■ **Task statement**: Please write out only the lines from the one containing "Foto 1 de Casa" through the last line of the listing. Do not include pictures.

■ **Source records**:
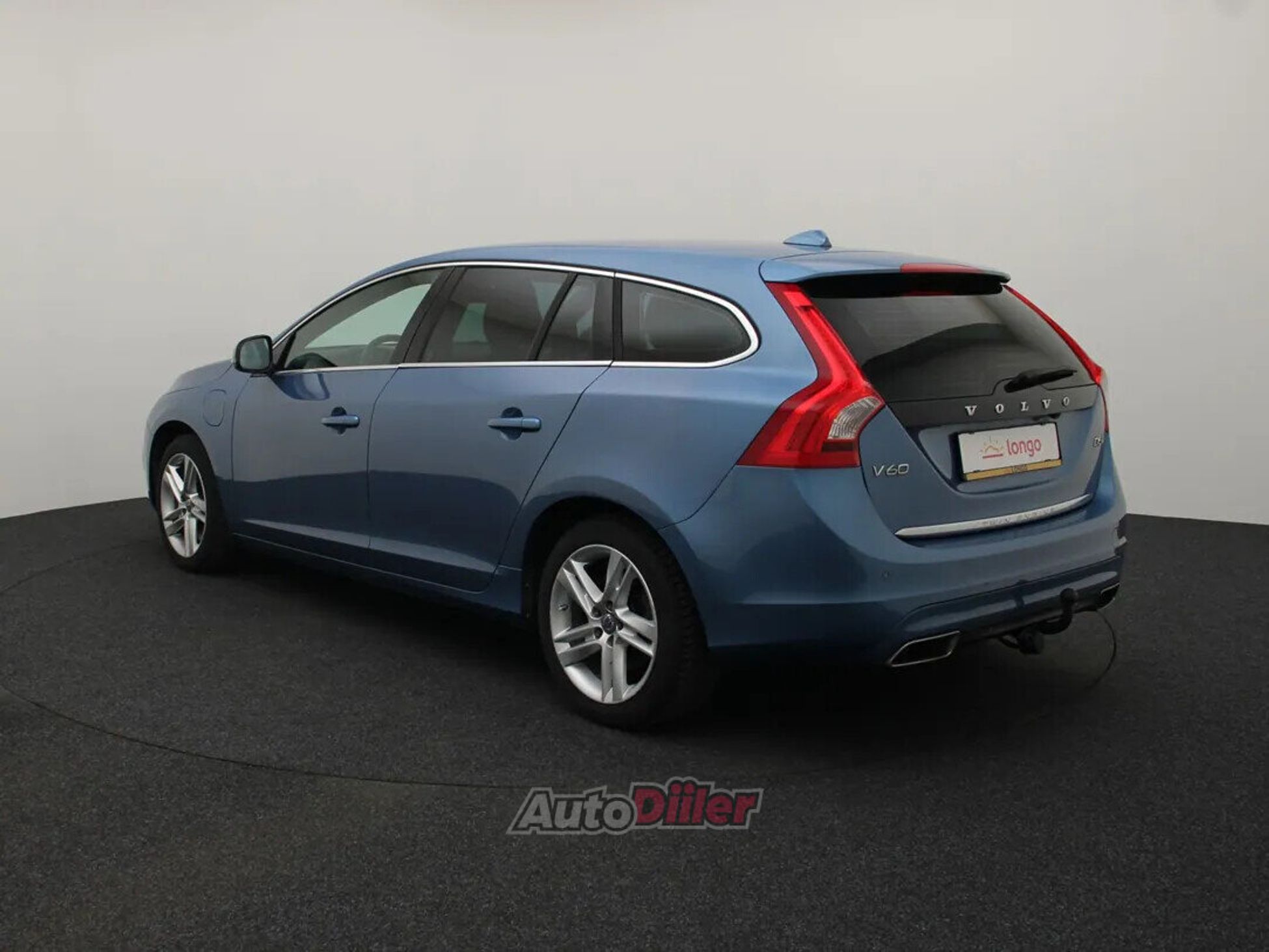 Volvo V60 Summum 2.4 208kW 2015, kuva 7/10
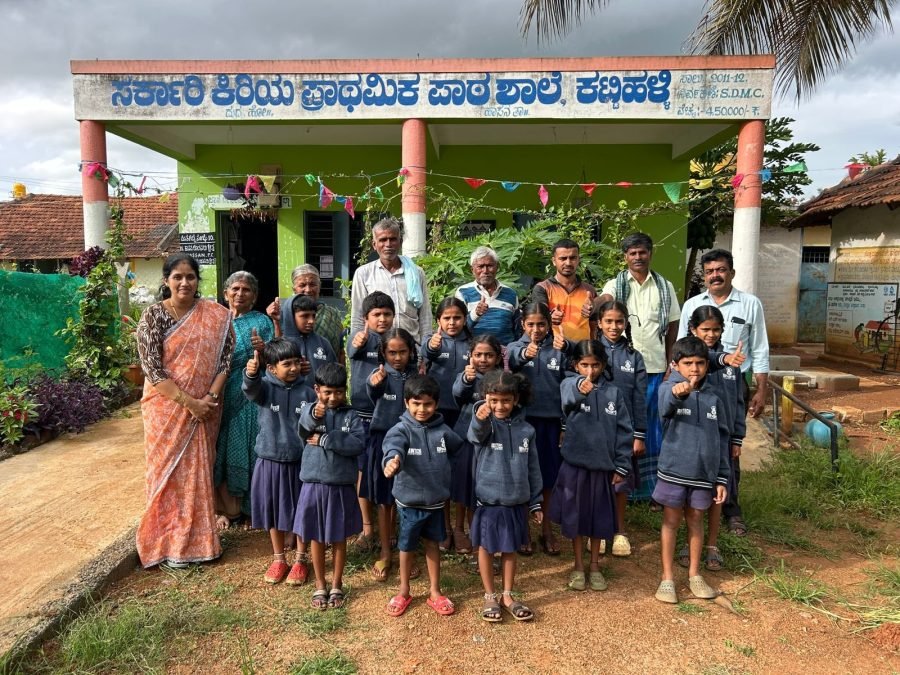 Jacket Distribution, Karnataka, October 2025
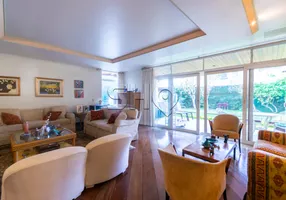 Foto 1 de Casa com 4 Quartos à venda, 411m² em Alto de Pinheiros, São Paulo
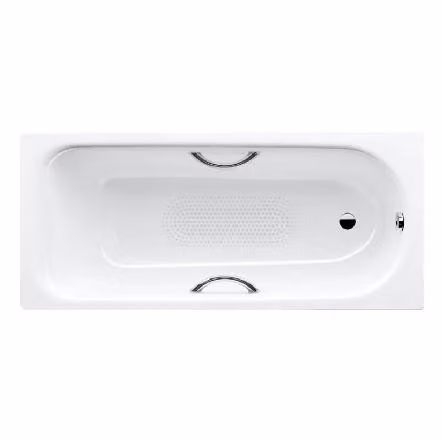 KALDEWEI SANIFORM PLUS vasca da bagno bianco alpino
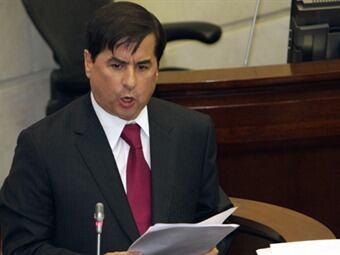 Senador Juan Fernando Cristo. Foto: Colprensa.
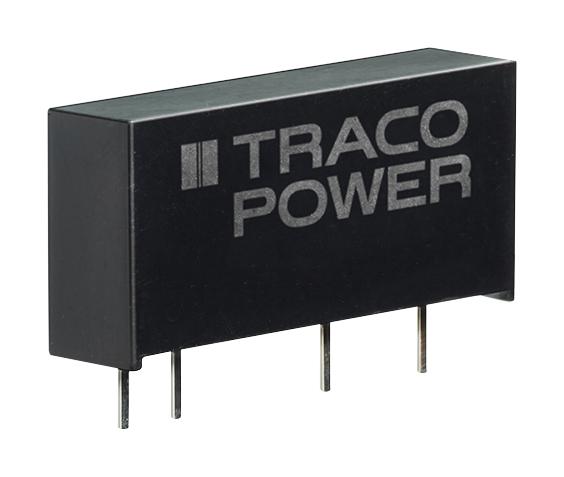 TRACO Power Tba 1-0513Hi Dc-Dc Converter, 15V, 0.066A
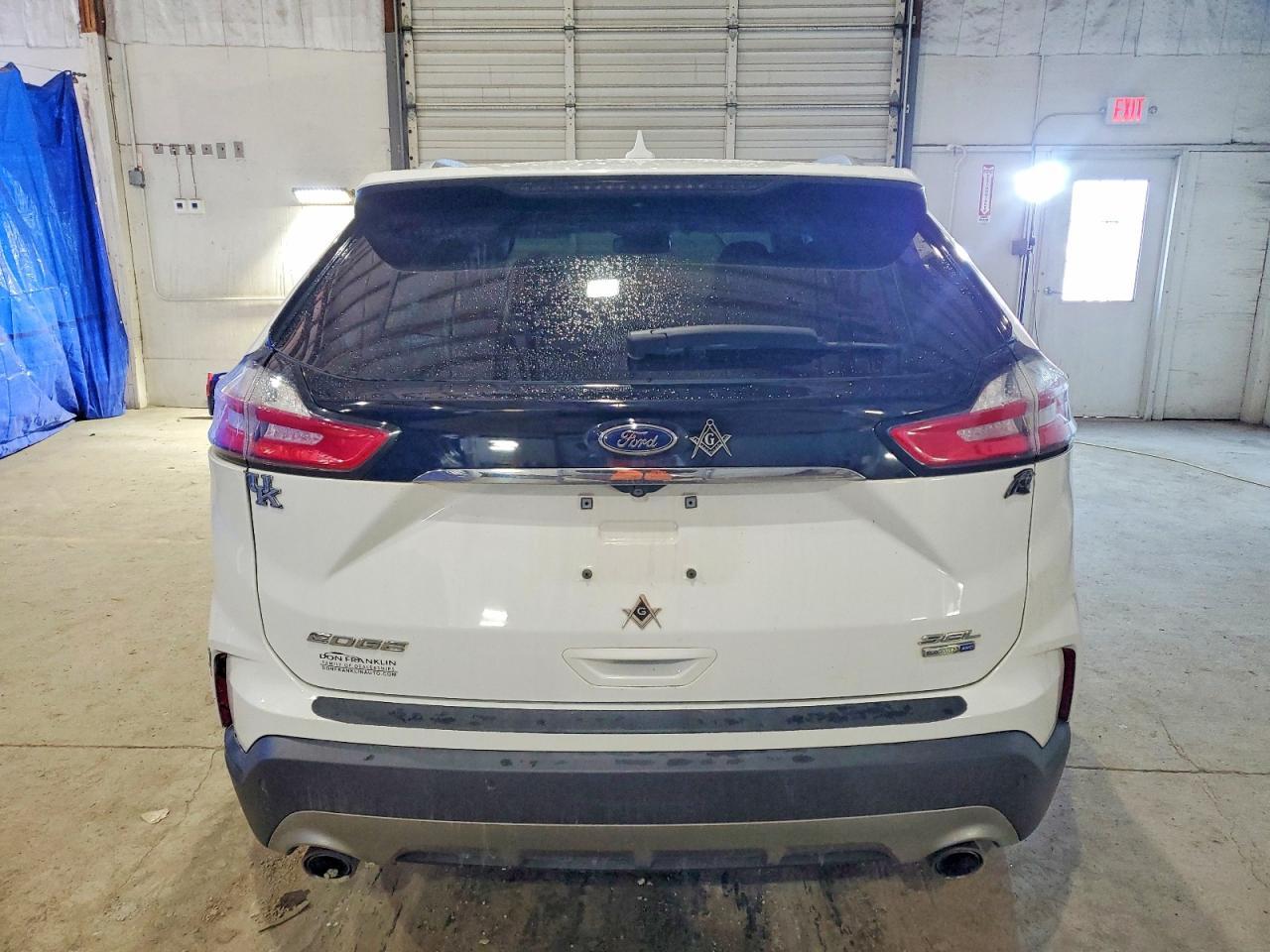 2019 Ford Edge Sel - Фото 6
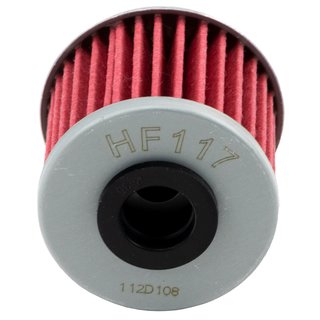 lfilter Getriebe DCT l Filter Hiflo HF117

■ **Response**:
 Foto 1 de Casa com 4 Quartos à venda, 411m² em Alto de Pinheiros, São Paulo
 KALDEWEI SANIFORM PLUS vasca da bagno bianco alpino
 Senador Juan Fernando Cristo. Foto: Colprensa.
 TRACO Power Tba 1-0513Hi Dc-Dc Converter, 15V, 0.066A
 2019 Ford Edge Sel - Фото 6
 lfilter Getriebe DCT l Filter Hiflo HF117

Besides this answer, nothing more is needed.